Although, like other former Communist capitals, Warsaw now boasts the usual array of designer clothes shops, American fast-food restaurants and western investment bankers that denote a successful transition to a market economy, it is a city with its heart ripped out.
Just as the Nazis systematically murdered the Jews of eastern Europe, exterminating communities such as those of Domachevo, the Wehrmacht and the SS systematically demolished Warsaw in 1944, street by street, block by block and house by house.

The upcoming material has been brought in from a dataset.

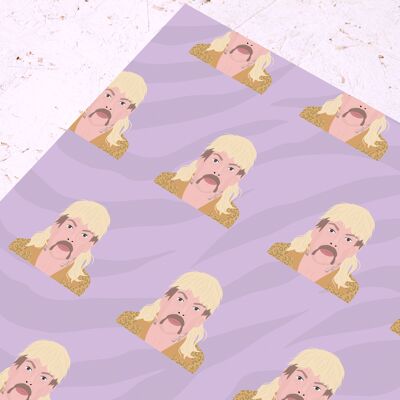 Joe Exotic - Tiger King - Funny Wrapping Paper- Presents
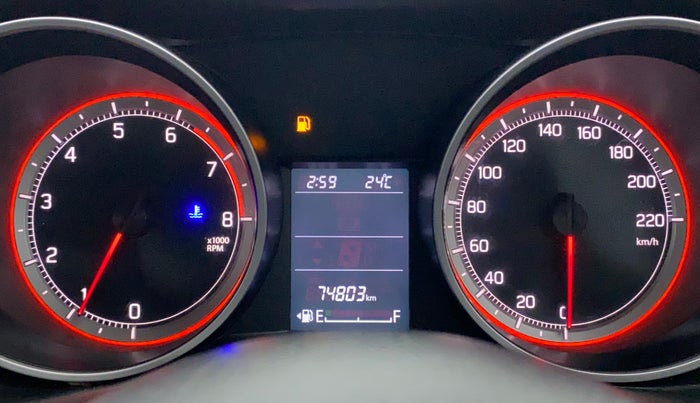 2018 Maruti Swift ZXI PLUS, Petrol, Manual, 74,803 km, Odometer Image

The same freezing wind that blows across the plains of Belarus, through the pine forests where the Germans and their accomplices lined up Jews in front of mass graves, gusts through Warsaw's modern shopping precincts, through streets that were once thronged with thriving, now vanished, Jewish communities.
In Domachevo little remains of the Jewish community. Jurors will see the concrete monument, topped by a Soviet Red Star, that commemorates the 2,900 Jews killed there in 1942, on the Day of Atonement, the holiest date in the Jewish calendar.
Non-Jewish locals were forced out of church to witness the massacre, John Nutting QC told the court last week, although he said that while Anthony Sawoniuk was a senior police official, there was "no evidence of his actual participation in the massacre that day".
The memorial inscription reads: "To the victims of the German fascist terror 1941-45". Like most Soviet era memorials, that at Domachevo makes no special mention that most of the victims were Jews. But for the jurors who have travelled there from the Old Bailey, the race and religion of those commemorated by the bleak snow-covered obelisk will be clear enough.